YOUR ASSIGNMENT:
In the listing below, report how many lines include the string "with", giving only that number.

SOURCE DATA:
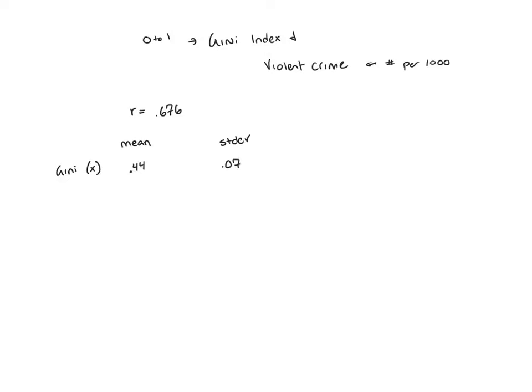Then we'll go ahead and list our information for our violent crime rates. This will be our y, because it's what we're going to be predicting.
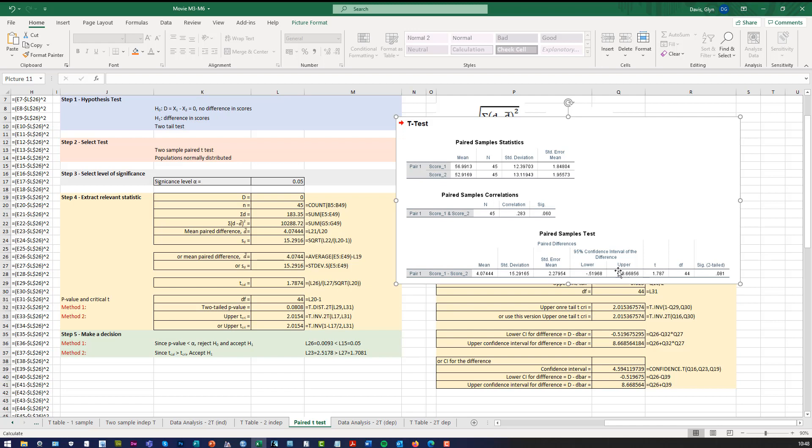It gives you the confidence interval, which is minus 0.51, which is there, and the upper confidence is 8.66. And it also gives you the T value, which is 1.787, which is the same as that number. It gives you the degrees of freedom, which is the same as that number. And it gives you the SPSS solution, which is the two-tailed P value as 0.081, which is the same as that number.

* * *

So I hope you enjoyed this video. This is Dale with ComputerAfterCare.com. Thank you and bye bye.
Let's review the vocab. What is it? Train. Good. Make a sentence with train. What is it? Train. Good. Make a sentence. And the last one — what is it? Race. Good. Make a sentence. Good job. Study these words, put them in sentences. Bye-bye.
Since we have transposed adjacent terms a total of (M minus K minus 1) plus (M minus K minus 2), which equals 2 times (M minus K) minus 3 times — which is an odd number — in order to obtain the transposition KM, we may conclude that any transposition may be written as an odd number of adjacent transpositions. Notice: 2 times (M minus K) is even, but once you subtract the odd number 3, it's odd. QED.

RESPONSE BELOW:
2